▶ Supplied material
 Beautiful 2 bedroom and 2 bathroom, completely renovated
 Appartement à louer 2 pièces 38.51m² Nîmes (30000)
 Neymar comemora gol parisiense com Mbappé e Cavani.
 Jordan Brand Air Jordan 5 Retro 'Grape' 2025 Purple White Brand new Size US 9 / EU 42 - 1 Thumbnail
---
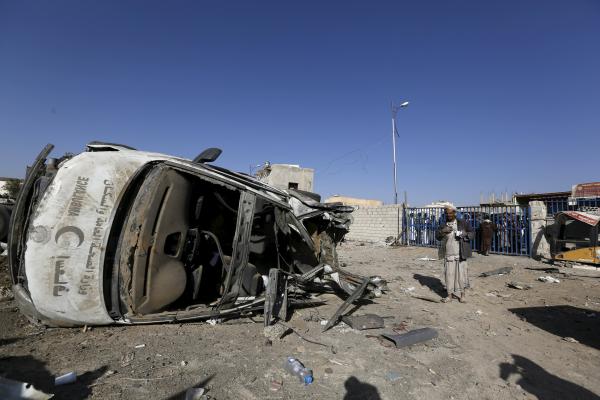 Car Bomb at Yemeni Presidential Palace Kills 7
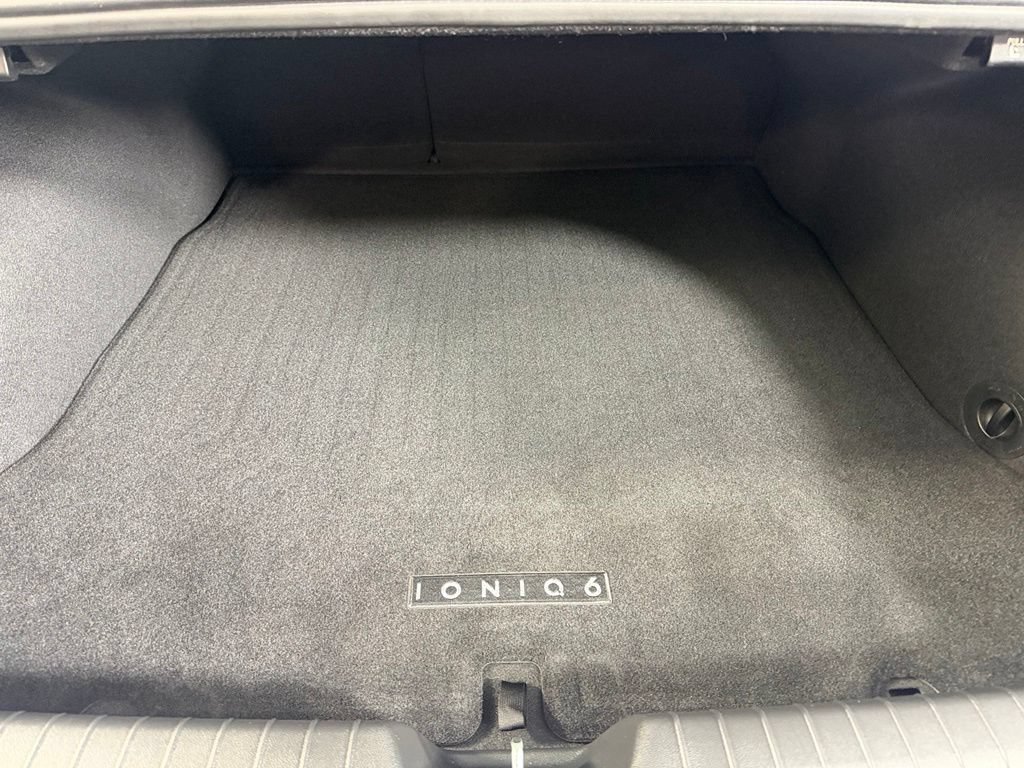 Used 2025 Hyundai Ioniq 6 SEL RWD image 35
* * *
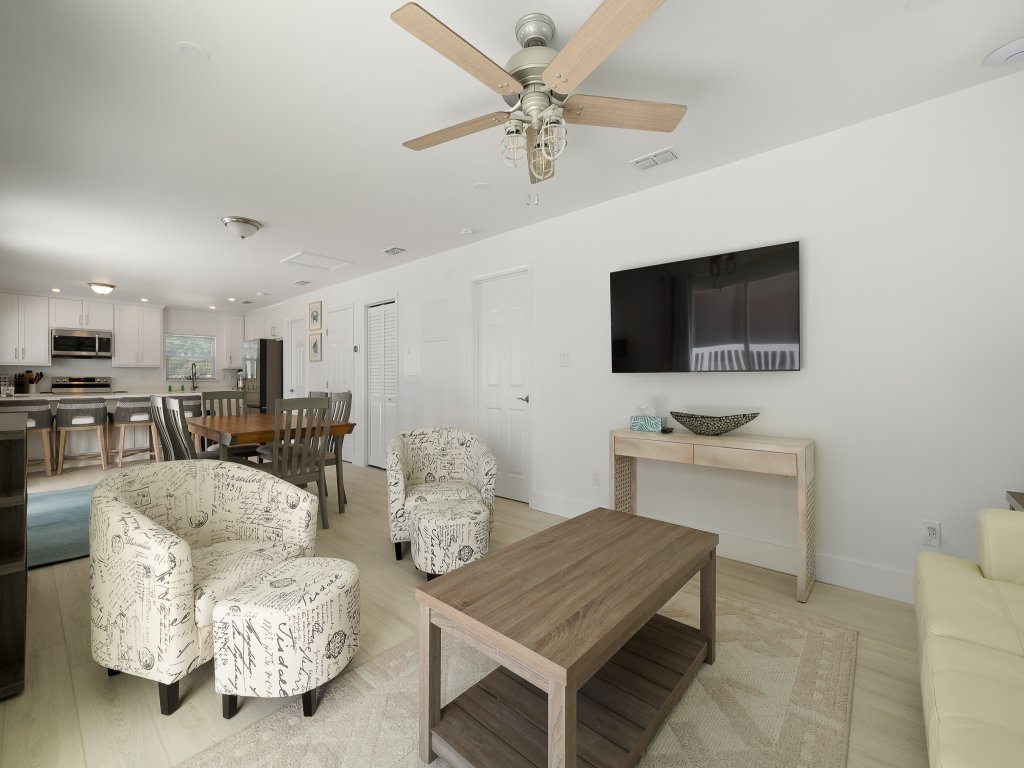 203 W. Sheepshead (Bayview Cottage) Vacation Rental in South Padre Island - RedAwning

▶ Activity
Going back to the entries above, set down exactly the lines that begin at the one with "Beautiful 2 bedroom" and end at the one with "Jordan Brand Air", both included, and nothing else.

▶ Task solution
 Beautiful 2 bedroom and 2 bathroom, completely renovated
 Appartement à louer 2 pièces 38.51m² Nîmes (30000)
 Neymar comemora gol parisiense com Mbappé e Cavani.
 Jordan Brand Air Jordan 5 Retro 'Grape' 2025 Purple White Brand new Size US 9 / EU 42 - 1 Thumbnail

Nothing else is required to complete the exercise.